Nuestro anhelo como creyentes es agradar el corazón de nuestro Padre, haciendo su voluntad en todo tiempo. Sin embargo, en los días malos en que vivimos, a menudo nos vemos envueltos en la carrera loca del mundo, situación que de una u otra forma minimiza la eficacia de nuestro servicio al Señor, debilitándolo o haciéndolo poco fructífero. Como resultado, cuando tenemos conciencia de no haber llenado la medida de Dios, nos sentimos frustrados.
Esta debilidad, la mayoría de las veces, es consecuencia de no haber atendido a la perfecta voluntad de Dios, con respecto al lugar que damos en nuestro corazón a las cosas celestiales y a las cosas terrenales. El apóstol Pablo, en los últimos capítulos de su epístola a los Efesios, nos señala claramente la voluntad de Dios en relación a las prioridades en la vida del creyente: Dios está primero; después, la familia y la relación entre esposos y entre padres e hijos; luego el trabajo y la relación entre siervos y patrones.
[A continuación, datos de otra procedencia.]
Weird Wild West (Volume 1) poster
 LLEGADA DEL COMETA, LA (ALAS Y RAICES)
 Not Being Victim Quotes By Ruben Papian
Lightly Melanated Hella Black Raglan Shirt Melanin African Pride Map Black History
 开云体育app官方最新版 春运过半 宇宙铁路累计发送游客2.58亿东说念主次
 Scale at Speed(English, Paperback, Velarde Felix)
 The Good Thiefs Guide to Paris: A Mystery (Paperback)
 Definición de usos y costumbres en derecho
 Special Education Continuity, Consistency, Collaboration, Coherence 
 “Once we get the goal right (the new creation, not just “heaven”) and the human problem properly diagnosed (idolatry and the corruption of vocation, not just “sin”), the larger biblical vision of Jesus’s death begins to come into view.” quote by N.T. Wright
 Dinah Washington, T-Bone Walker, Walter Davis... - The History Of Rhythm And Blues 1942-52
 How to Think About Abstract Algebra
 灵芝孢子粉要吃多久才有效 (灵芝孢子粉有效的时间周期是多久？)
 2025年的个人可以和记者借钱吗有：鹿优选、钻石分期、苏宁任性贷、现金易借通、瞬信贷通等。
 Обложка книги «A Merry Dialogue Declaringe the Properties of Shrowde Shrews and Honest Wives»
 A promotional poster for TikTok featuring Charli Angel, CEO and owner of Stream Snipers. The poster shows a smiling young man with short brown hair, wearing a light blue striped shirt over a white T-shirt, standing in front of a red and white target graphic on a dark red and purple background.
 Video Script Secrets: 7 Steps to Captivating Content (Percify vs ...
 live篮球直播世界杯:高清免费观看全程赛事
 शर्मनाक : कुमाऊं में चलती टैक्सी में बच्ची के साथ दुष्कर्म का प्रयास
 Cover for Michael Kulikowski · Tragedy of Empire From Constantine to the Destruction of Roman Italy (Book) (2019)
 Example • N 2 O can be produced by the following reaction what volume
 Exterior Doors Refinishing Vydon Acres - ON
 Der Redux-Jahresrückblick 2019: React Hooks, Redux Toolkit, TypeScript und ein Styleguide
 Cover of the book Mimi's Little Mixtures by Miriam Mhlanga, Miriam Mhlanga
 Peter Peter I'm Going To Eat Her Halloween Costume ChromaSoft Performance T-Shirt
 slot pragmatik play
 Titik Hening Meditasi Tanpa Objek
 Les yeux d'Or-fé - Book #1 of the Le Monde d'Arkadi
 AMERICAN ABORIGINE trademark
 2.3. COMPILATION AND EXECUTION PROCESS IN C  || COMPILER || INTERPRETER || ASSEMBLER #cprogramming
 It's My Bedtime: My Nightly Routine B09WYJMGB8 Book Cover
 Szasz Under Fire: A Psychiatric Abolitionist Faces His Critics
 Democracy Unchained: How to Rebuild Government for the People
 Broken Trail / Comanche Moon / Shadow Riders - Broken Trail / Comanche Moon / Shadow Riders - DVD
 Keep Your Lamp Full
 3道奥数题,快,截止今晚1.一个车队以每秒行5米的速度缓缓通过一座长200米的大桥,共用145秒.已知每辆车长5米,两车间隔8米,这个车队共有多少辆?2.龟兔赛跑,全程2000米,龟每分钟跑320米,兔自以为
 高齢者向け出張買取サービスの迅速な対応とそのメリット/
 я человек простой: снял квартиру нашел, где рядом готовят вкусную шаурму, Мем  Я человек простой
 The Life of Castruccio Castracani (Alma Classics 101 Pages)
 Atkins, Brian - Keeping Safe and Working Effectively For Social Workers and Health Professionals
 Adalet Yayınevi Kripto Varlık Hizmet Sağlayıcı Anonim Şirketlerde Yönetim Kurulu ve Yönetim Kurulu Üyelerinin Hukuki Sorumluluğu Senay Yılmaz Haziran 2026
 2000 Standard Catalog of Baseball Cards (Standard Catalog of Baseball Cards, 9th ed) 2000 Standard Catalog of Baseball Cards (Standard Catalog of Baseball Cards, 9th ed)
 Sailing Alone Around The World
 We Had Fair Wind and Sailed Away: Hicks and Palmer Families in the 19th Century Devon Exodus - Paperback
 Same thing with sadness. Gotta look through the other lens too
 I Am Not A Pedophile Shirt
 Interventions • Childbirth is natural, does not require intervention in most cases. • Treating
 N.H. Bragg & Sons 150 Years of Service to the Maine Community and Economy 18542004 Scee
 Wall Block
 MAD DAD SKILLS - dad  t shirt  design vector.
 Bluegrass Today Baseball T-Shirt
Cabe preguntarnos: ¿Cómo estoy utilizando mi tiempo? ¿Estoy dando prioridad a las cosas celestiales? ¿O es mi familia mi principal dedicación? ¿O es mi trabajo el que ocupa el sitial preferente? Si el orden de Dios es alterado, sufriremos pérdida.
«Amarás a Jehová tu Dios de todo tu corazón, y de toda tu alma, y con todas tus fuerzas» (Dt. 6:5). El mandamiento para todo creyente es buscar primero el reino de Dios y su justicia. Esto implica nuestro servicio al Señor y a los hermanos. Si nos ocupamos con diligencia en los negocios de nuestro Padre, él se ocupará de los nuestros.
Otra parte importante de nuestro tiempo es la que dedicamos a la familia. La institución familiar en el mundo de hoy va siendo cada día más desacreditada, y esta situación es el origen de la falta de comunicación, la pérdida de autoridad de los padres, la desobediencia de los hijos, y toda la secuela de males que va carcomiendo moralmente a la sociedad. El creyente no puede cometer la insensatez de desatender a su familia, ni aun con el pretexto de servir a Dios.
Por último, está el trabajo. La sociedad de consumo nos empuja en una búsqueda insaciable de satisfacciones y bienes materiales. En nuestro país se ha acuñado el término ‘trabajólico’, para referirse a la persona exageradamente adicta al trabajo. El cristiano no debería caer en esa trampa. Detrás de todo, está la estrategia de Satanás, quien, en el caso de los creyentes, los agobia con tareas y los neutraliza en su servicio al Señor. Por tanto, «teniendo sustento y abrigo, estemos contentos con esto» (1 Tim. 6:8).
Dios tiene la preeminencia. Y todo lo demás tiene su lugar de precedencia en la vida del creyente. Hay un equilibrio en nuestro tiempo dedicado al Señor, a la familia o al trabajo secular, que solo el Señor –en su gracia– nos puede conceder. Que él nos socorra para que podamos andar sabiamente, redimiendo nuestro tiempo y haciendo Su voluntad.